In over 30 years of practice he has worked simultaneously as an academic and a consultant specializing in the formative stages of projects ranging across all scales. Weller’s work has been frequently awarded in international design competitions and exhibited in galleries such as the Guggenheim in New York, the Venice Biennale, the Museum of Contemporary Art in Sydney, the Isabella Stewart Gardner Museum in Boston, the MAXXI Gallery in Rome, the Canadian Design Museum in Toronto and the Chinese Academy of Fine Art in Beijing.
He has published 7 books and well over 100 single-authored academic papers, book chapters and articles on the theory and practice of landscape architecture and urban design.
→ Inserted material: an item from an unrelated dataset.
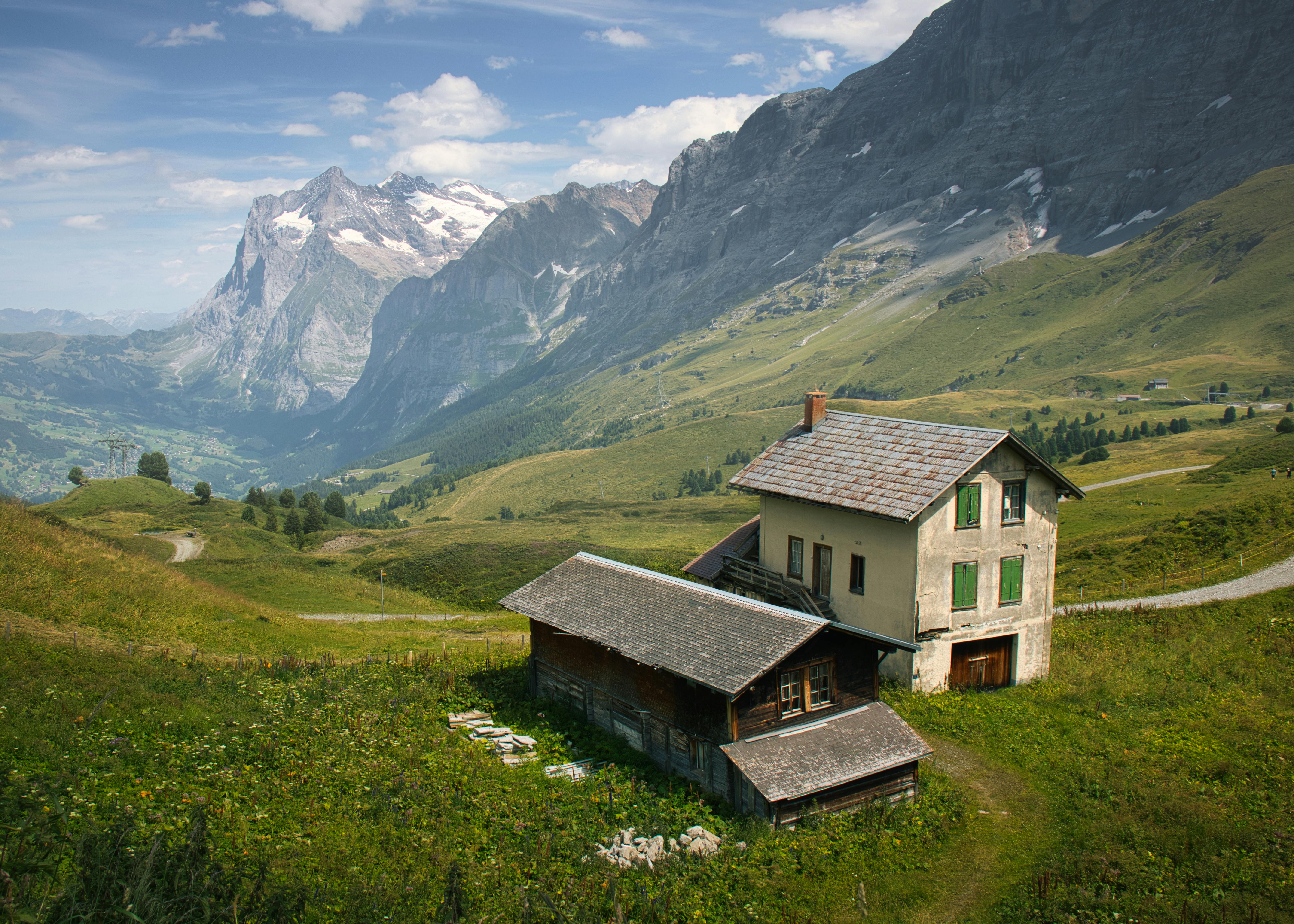 Scenic view of a mountain chalet in Grindelwald, Switzerland with stunning alpine backdrop.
He is also the Creative Director of the interdisciplinary journal of landscape architecture LA+.
Weller’s most recent research concerns global flashpoints between biodiversity and urban growth. This research is documented in his latest web-based platforms ‘The World Park Project’, ‘The Hotspot Cities Project’ and the ‘Atlas for the End of the World’. This work has been widely published, exhibited and reviewed.
Weller is an emeritus board member of the Landscape Architecture Foundation (LAF) in Washington DC and was inducted into the Academy of Fellows of the Council of Educators in Landscape Architecture (CELA) in 2020.
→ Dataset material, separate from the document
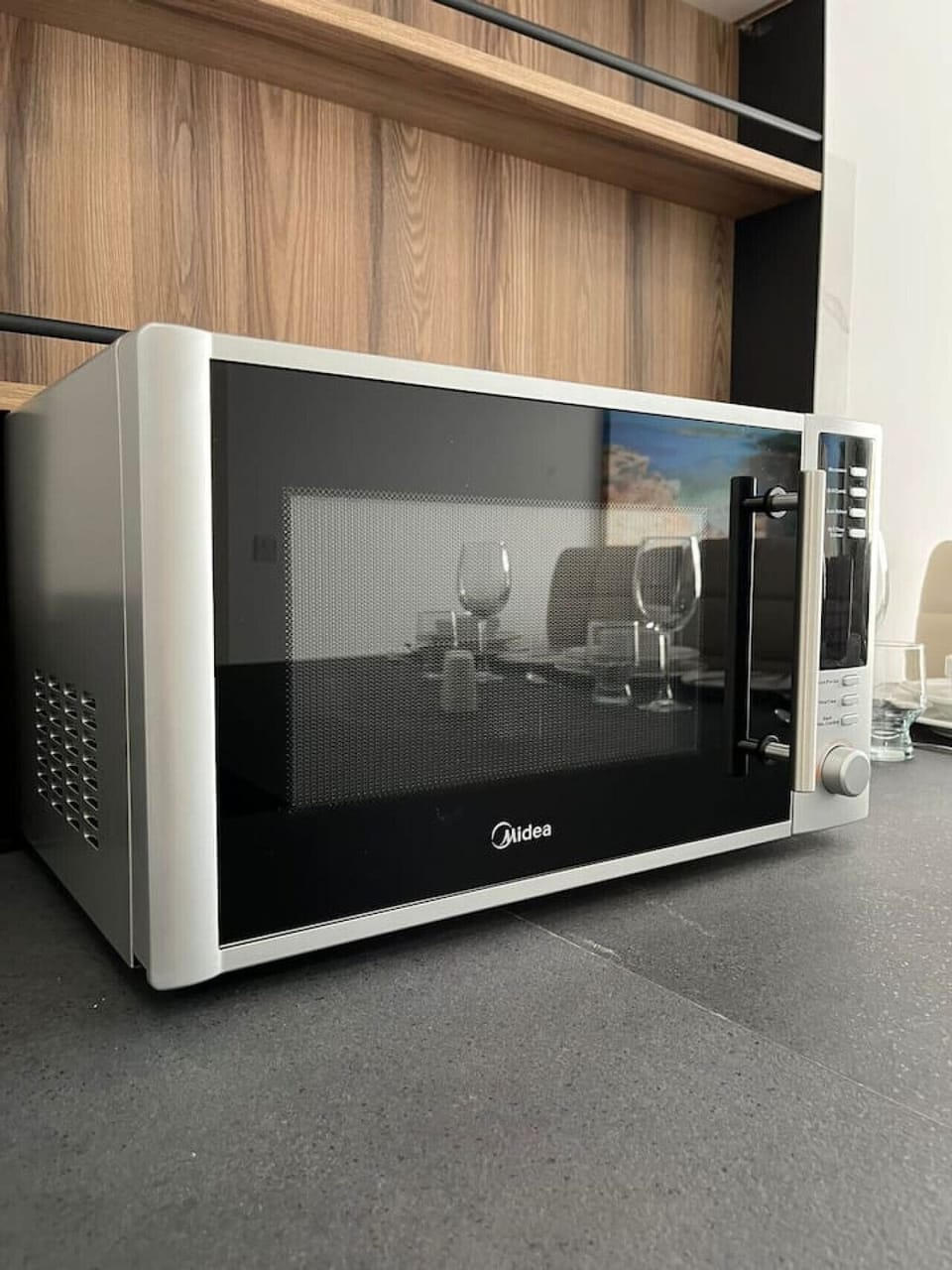 Microwave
Weller teaches advanced design studios and subjects in the history and theory of landscape architecture and urbanism. In 2012 he received a national (Australian) teaching award and in both 2017 and 2018 was voted by the Design Intelligence Survey as one of North America’s “most admired” teachers.
LAA: Why did you choose landscape architecture?
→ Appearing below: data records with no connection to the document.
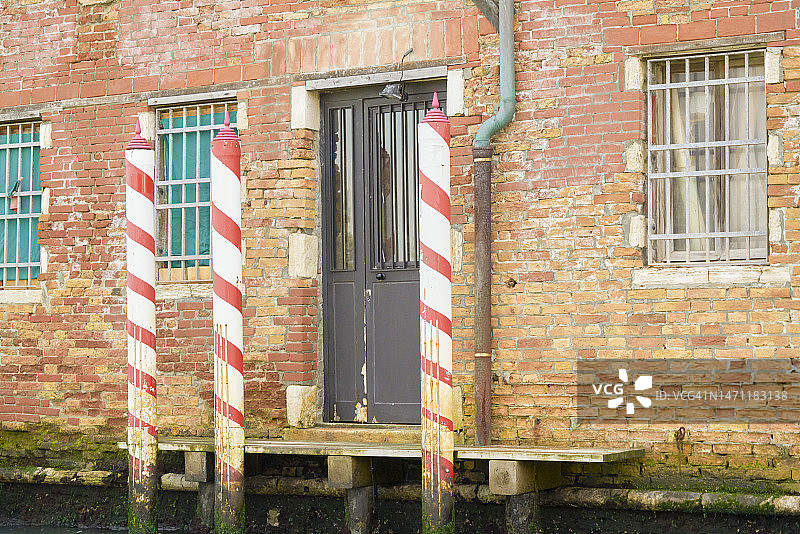 房屋前威尼斯的典型系泊柱图片素材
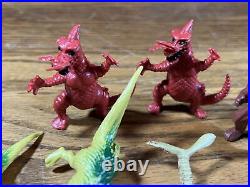 Huge Lot Of Chinasuars Mini Monsters Dinosaurs Toy Figures D&D Plastic RARE VTG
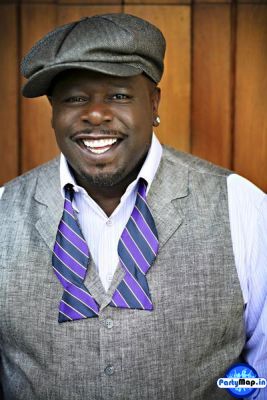 Photo of Cedric the Entertainer at a concert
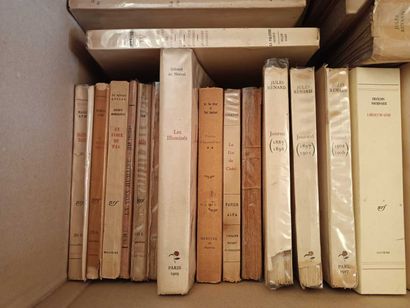 Lot of bound and paperback books, mainly...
RW: In suburbia where I grew up there were three choices; make model cars, play with dolls, or climb trees. I chose the trees - a plan view as it were.
LAA: What is its role, what should it set out to do?
RW: On the one hand just make nice places for people, on the other, save the world from itself.
LAA: Tell us about your work scenario planning for cities?
RW: Scenario planning is just a smart way of saying kicking around ideas. I like kicking around ideas and believe it's important to try and broach the city as a whole before getting tangled up in fragments.
LAA: How has climate change influenced that?
RW: It's forced the question of whether the way we currently live is suicidal, and if so, then how we can change.
LAA: What role do landscape architects play in mitigating climate change?
RW: In reality nothing much - in theory everything.
LAA: What can attendees expect from your presentation?
RW: A bit more detail in response to question 5!